If you’ve been frequenting this site over the past couple of years, you’ve come across a couple of posts featuring Leeds, UK-based indie rock/post-punk quintet AUTOBAHN. And you may recall that with the release of 2015’s debut effort Dissemble, the British quintet comprised of Craig Johnson (vocals) Michel Pedel (guitar) and Gavin Cobb (guitar), Daniel Sleight (bass) and Liam Hilton (drums) received attention both nationally and across internationally for a sound that was influenced by Joy Division and their legendary producer Martin Hamett; in fact, the band has openly admitted that they wrote and recorded the album imagining what Hannett would have done with them in the studio. However, as the story goes, sometime before they were about to write and record the material, which would comprise their forthcoming sophomore full-length effort The Moral Crossing, the members of the band decided to give up their long-held practice room, which had doubled as a hardcore punk venue, and build their own space.
They found a former double-glazing firm under a disused bridge in Holbeck, Leeds’ red light district and despite having no real experience building a studio from scratch, they undertook the job. And after finishing the studio, the band’s Craig Johnson then taught himself how to produce and record an album — with the boring desire to create their own sound and be in control of their own artistic vision. “I was down there nearly every night,” Johnson recalls. “It was pretty horrible at times, but worth the pain to have control over everything. We’ve had the chance to create the sound we want, at times it’s more melancholic, and romantic.” Of course, as they went about changing their overall sound, the band went through a change in songwriting approach, in which they went through a deliberate and painstaking process, where they constructed songs piece-by-piece as they went along rather than working to revise already created songs, as they previously did. . Lyrics came about at the end, and thematically the material finds the band focusing on birth — but in a way that emphasizes that the person “had no choice in the decision. And then it’s about the different outcomes that could happen, Which could be glorious or torturous,” Johnson explains in press notes.

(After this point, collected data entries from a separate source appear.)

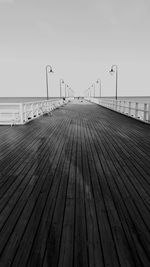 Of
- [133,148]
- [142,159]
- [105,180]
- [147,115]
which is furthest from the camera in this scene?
[147,115]

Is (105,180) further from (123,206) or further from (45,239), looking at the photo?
(45,239)

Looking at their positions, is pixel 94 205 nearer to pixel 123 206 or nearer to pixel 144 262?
pixel 123 206

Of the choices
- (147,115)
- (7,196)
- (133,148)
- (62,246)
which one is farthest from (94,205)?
(147,115)

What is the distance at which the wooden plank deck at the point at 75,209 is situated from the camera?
5.89ft

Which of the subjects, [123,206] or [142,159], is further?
[142,159]

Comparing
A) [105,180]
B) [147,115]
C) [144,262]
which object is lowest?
[144,262]

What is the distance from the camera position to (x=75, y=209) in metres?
2.51

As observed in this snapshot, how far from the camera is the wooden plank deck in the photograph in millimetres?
1794

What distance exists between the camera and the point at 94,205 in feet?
8.53

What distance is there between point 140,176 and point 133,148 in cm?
200

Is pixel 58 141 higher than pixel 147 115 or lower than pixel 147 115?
lower

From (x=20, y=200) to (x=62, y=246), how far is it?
110 cm

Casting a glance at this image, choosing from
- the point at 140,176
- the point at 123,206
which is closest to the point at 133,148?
the point at 140,176

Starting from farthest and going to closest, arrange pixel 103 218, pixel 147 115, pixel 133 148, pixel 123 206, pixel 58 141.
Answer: pixel 147 115, pixel 58 141, pixel 133 148, pixel 123 206, pixel 103 218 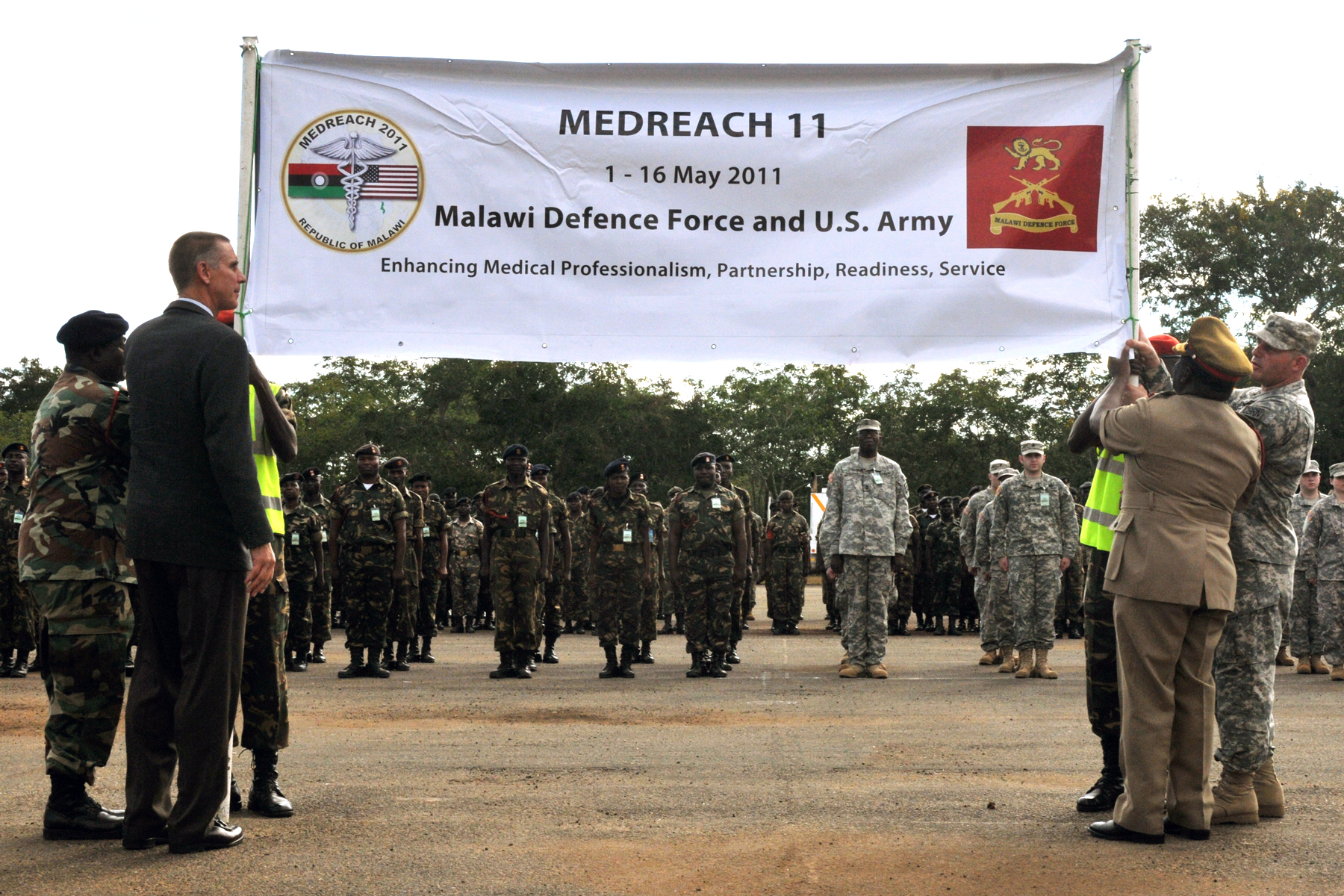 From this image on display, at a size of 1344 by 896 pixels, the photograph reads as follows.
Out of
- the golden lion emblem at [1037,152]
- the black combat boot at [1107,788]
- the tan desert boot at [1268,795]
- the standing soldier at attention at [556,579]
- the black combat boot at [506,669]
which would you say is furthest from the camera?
the standing soldier at attention at [556,579]

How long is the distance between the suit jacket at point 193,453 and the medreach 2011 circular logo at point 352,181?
4.01 ft

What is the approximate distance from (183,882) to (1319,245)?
41922mm

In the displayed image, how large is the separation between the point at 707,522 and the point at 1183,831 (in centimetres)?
762

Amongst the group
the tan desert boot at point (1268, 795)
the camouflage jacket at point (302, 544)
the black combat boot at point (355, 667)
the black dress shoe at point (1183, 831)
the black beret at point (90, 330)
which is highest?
the black beret at point (90, 330)

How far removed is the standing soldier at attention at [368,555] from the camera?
12.2m

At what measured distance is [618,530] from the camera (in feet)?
42.8

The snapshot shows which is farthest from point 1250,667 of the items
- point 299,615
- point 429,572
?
point 429,572

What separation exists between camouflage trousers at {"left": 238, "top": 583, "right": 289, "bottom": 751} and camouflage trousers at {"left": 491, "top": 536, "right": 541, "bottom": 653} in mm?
6634

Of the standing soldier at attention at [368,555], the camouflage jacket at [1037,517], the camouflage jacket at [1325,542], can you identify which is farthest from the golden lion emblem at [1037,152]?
the camouflage jacket at [1325,542]

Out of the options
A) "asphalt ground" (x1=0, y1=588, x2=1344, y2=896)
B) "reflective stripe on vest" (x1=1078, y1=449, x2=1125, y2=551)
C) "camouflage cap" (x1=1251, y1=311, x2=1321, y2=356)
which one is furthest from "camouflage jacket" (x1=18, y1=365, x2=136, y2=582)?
"camouflage cap" (x1=1251, y1=311, x2=1321, y2=356)

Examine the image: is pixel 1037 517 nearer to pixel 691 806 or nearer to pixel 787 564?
pixel 691 806

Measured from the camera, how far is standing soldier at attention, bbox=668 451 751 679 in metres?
12.3

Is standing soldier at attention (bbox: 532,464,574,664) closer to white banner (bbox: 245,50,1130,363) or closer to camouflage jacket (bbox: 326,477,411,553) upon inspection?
camouflage jacket (bbox: 326,477,411,553)

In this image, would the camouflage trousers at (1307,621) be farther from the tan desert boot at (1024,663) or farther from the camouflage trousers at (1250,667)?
the camouflage trousers at (1250,667)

Last month, I wrote about album title track “The Moral Crossing,” a single, which revealed that the band went though a bold and forceful new direction — and while retaining the angular attack of their previously released singles and of Martin Hammett-era Joy Division, the single finds the band crafting some of their most ambitious material to date, as it possesses the swooning and antehmic hooks reminiscent of Snow Patrol paired with prog rock and arena rock-like sensibility. “Future,” The Moral Crossing‘s latest single features familiar, post-punk angular guitars, four-on-the percussion, soaring synths and a rousing hook before dissolving into noisy chaos but where there are similarities between this single and its predecessor, the biggest difference to my ears is that this track reminds me quite a bit of Freedom of Choice-era DEVO or in other words, as though it comes from some brutal and ridiculous post apocalyptic future that kind of resembles our own.